The best thing to say about a recent report to the minister of national defence from an advisory panel on systemic racism and discrimination in Canada’s military is that it’s not wholly bad.

Sadly, when it’s bad, it’s rotten. An entire section constitutes such scandalous political antagonism toward Canadians of faith that it should never have been published in any government document, and certainly not one paid with the tax dollars of millions of religiously faithful.

In a courtroom context, the report’s “Re-Defining Chaplaincy” segment would be labelled Exhibit A for uber antagonistic. Under the pretext of “inclusivity,” it flatly calls for the Department of National Defence to bar as chaplains all clergy who represent churches that fail to extend priesthood to women or recognize same-sex marriage.

“(DND) cannot consider itself supportive of inclusivity when it employs as chaplains members of organizations whose values are not consistent with National Defence’s ethics and values —even if those members express non-adherence to the policies of their chosen religion,” the report insists. “If the Defence Team…is working hard to remove systemic barriers to the employment of marginalized people, it cannot justify hiring representatives of organizations who marginalize certain people or categorically refuse them a position of leadership.”

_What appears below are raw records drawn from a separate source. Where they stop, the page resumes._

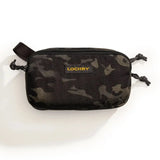 Lochby Venture Pouch Mini (Multi Cam)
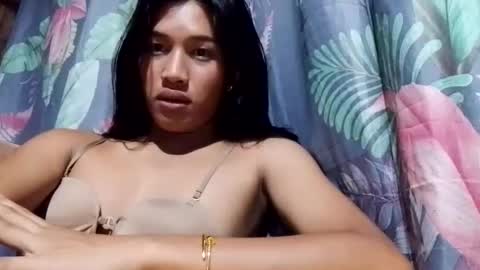 Snapshot of your_slutymorena chatting on 06-10-26, 01:43 your_slutymorena online show from 06-10-26, 01:43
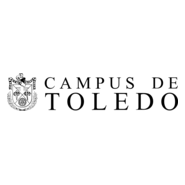 Universidad Toledo Logo PNG Vector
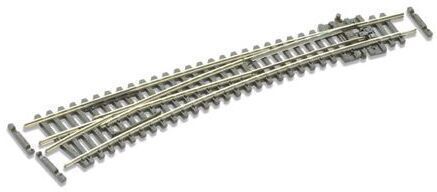 CVR Picture for Code55 Curved LH Switch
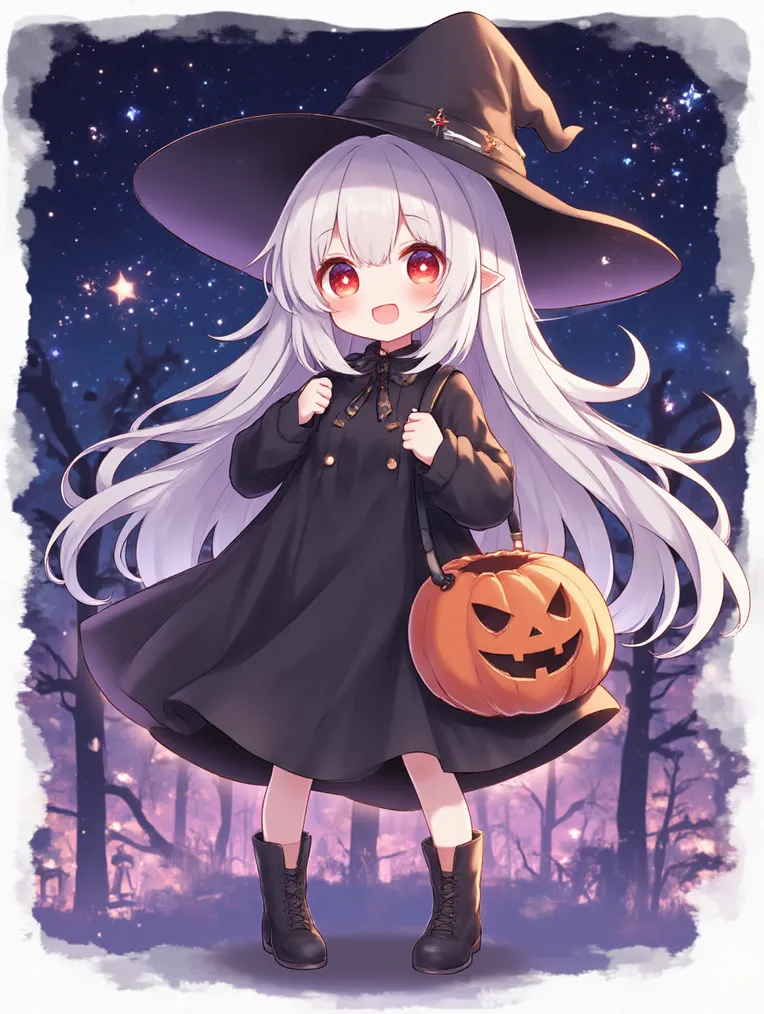 Style Boost,Floppy comic style,LoRA,FLUX.1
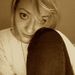 Profile Picture of Emily Buffington (@ewalters88) on Pinterest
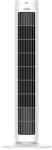 Hauser TF-76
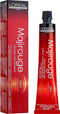 L'Oréal Professionnel - Haarverf - Majirouge - 50 ML - 7.45 R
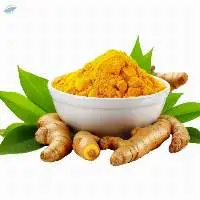 Turmeric Powder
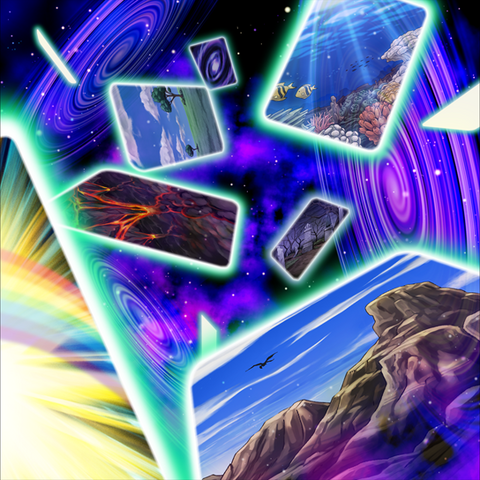 File:FutureVisions-DG-EN-VG-Field.png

As Fr. Raymond de Souza wrote in the National Post, this is demanding the State overreach into the very theology of Canada’s religious traditions. It is seeking to establish a government-sanctioned secular creed as grounds for employment. It is the antithesis of diversity, and anathema to our liberal democratic traditions.

Catholic faithful should instantly discern a targeted “No Popery” bigotry that would have embarrassed even the late Rev. Ian Paisley, that extremist Ulsterman for whom the Orange Lodge was insufficiently anti-papist. Catholics across Canada, and above all in Church leadership, should loudly demand the minister reject such intolerance. A ministerial declaration must make clear that while the report’s authors were free to write what they wished, those parts of the report’s recommendations and its mindset will never form government policy. 

It’s vital to do so because, even amid such anti-Catholic contumely, some recommendations in “Re-defining Chaplaincy” deserve quick action. It recommends, for example, selecting military chaplains representing “forms of spirituality beyond the Abrahamic faiths.” In pluralistic Canada, such diversity is so sensible it should already be DND policy. Similarly, it calls for jettisoning the prerequisite of a master’s degree to qualify as a military chaplain. Instead, DND should permit educational equivalencies so Indigenous knowledge keepers can serve as chaplains. But sacrificing military chaplains to appease the idols of extreme ideological “inclusivity” and the demi-gods of exclusionary diversity? No. We must demand the minister repudiate such deplorable anti-faith antagonism.